═════ Material for this task
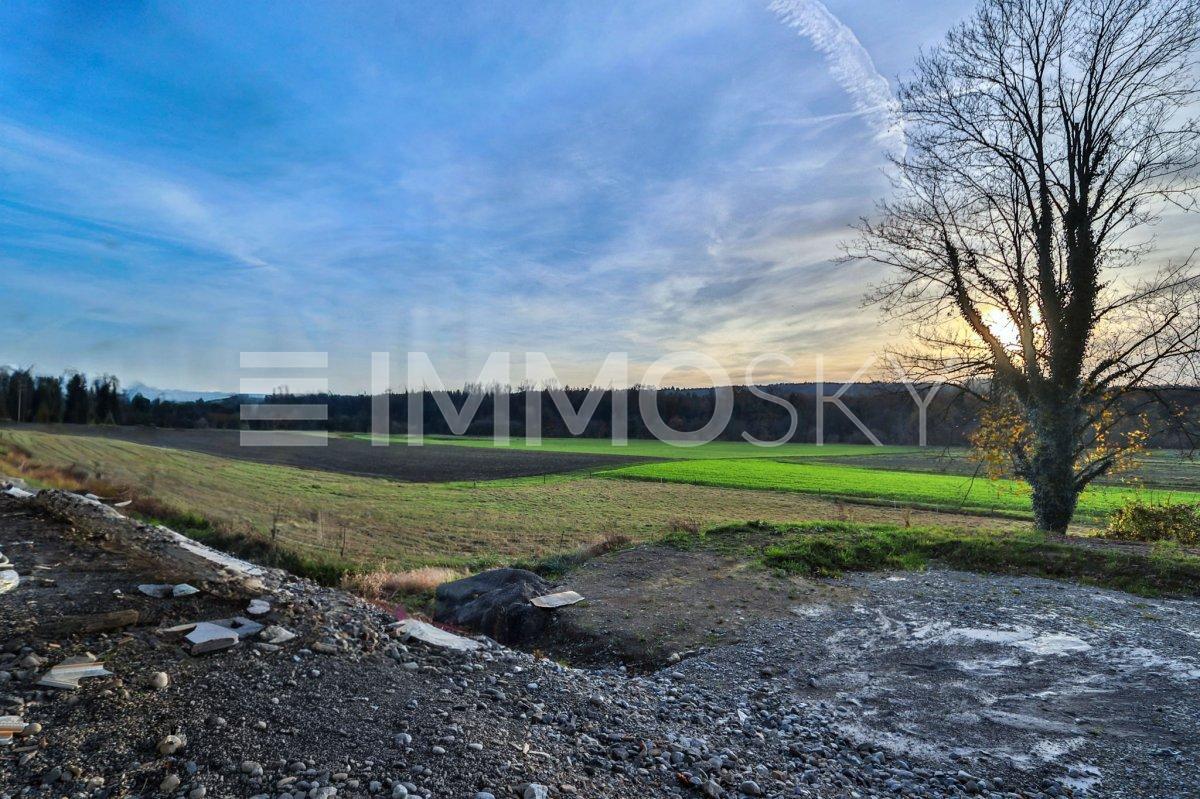 Zwischen Himmel und Berge - Wo gibts noch sowas? Ein Traum im Grünen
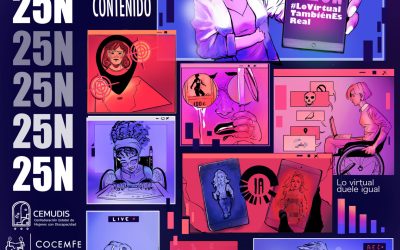 Dia Internacional per a l’Eliminació de la Violència contra les Dones.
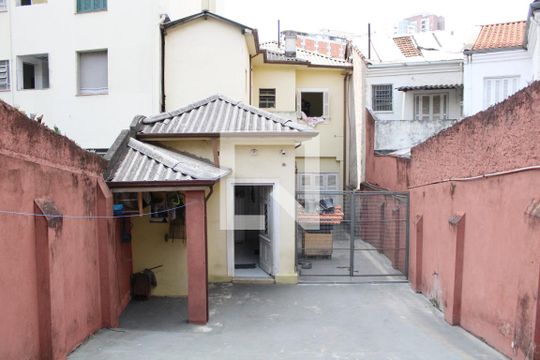 Detalhe da area de serviço de casa à venda com 3 quartos, 320m² em Barra Funda, São Paulo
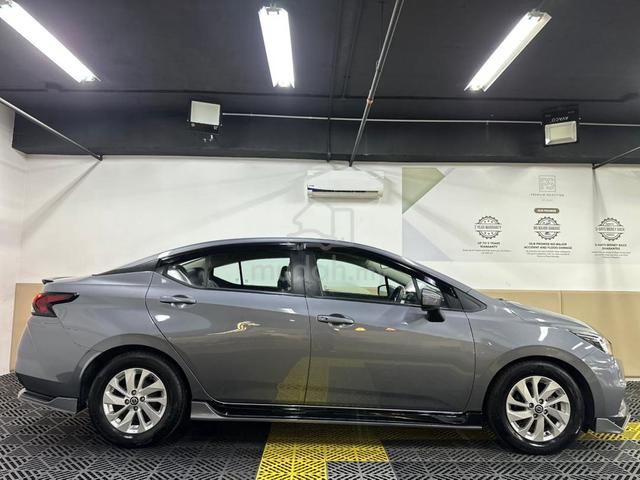 2021 Nissan ALMERA 1.0  VL SEDAN AT 80K F/S NISSAN - 3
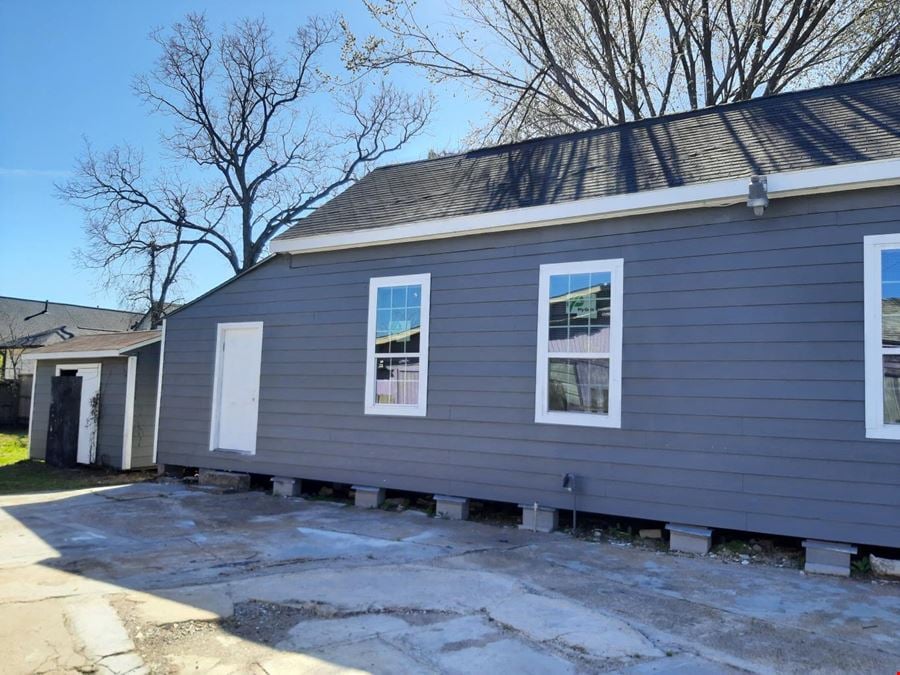 1226 Hogan St., Houston, TX 77009 Development Opportunity!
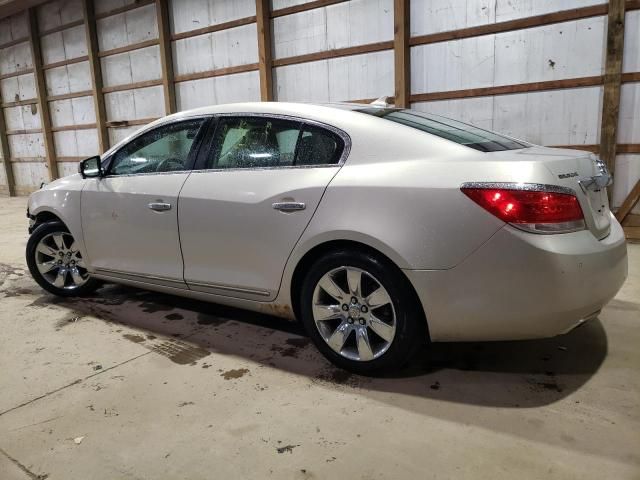 2012 Buick Lacrosse Premium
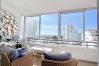 Apartment in Rosas / Roses - Gran Canal - Apartamento visto al mar, 50 M de la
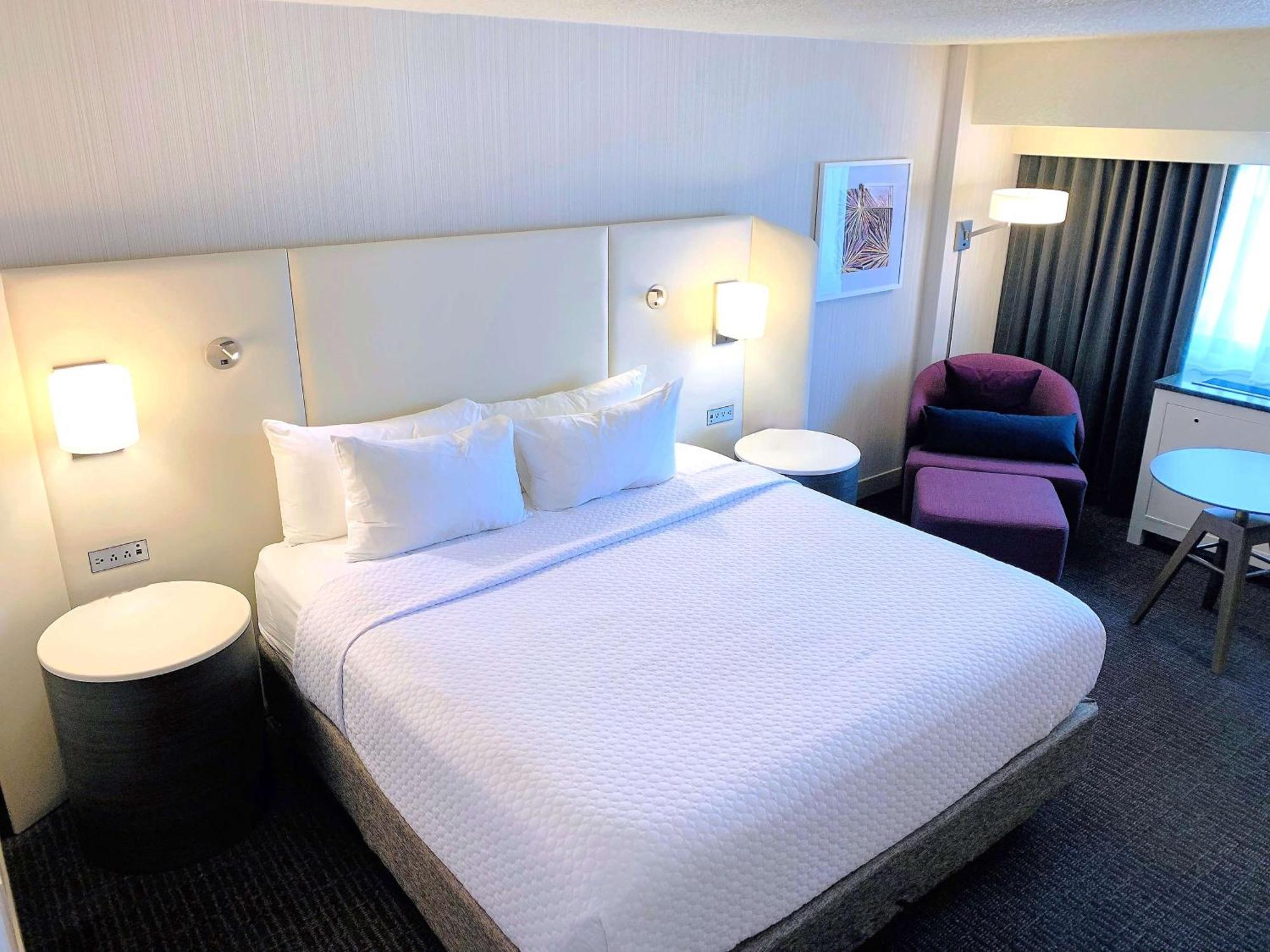 Sonesta Columbus Downtown Hotel Buitenkant foto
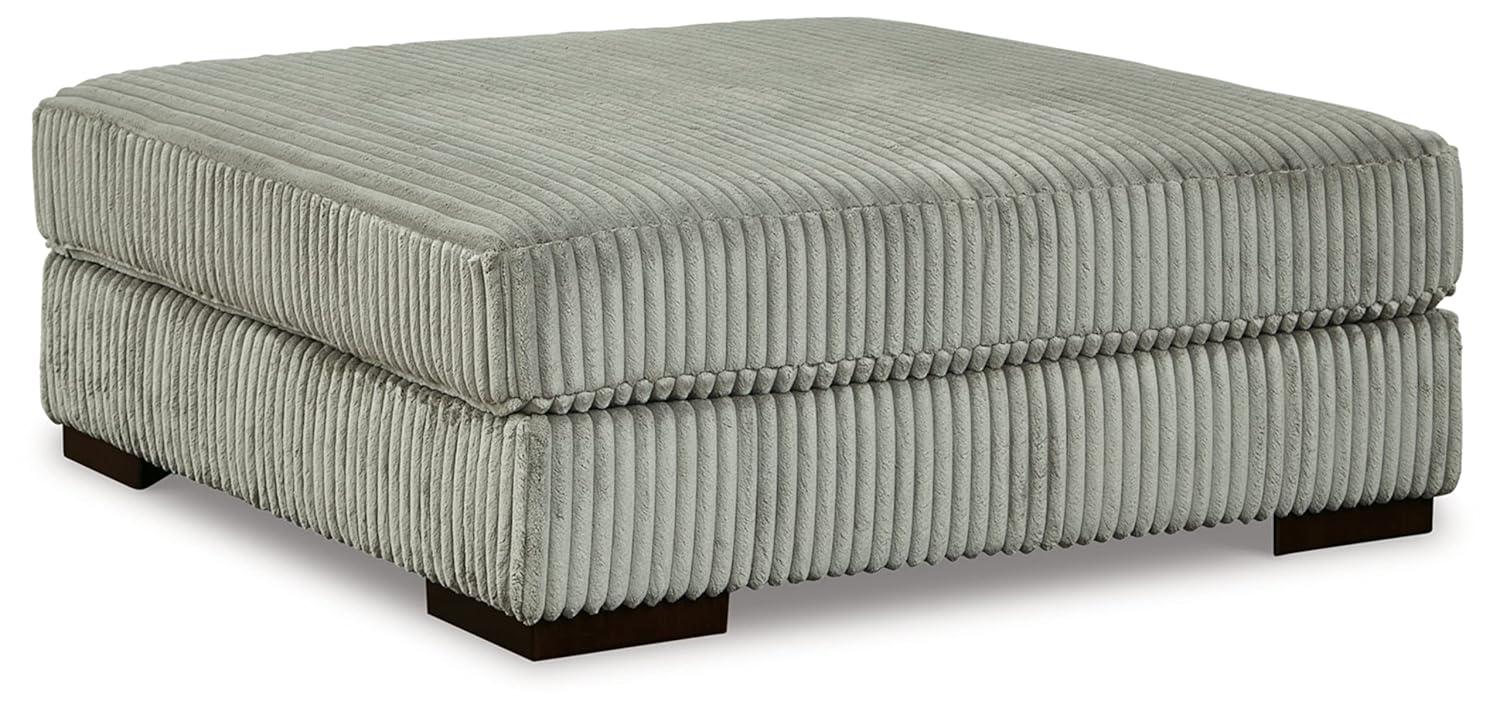 Hokku Designs Lindyn Oversized Accent Ottoman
══════════
Problem details:
With the pictures left out, copy exactly the lines above from the line containing "2021 Nissan ALMERA" through the last line of the entries.

Result:
 2021 Nissan ALMERA 1.0  VL SEDAN AT 80K F/S NISSAN - 3
 1226 Hogan St., Houston, TX 77009 Development Opportunity!
 2012 Buick Lacrosse Premium
 Apartment in Rosas / Roses - Gran Canal - Apartamento visto al mar, 50 M de la
 Sonesta Columbus Downtown Hotel Buitenkant foto
 Hokku Designs Lindyn Oversized Accent Ottoman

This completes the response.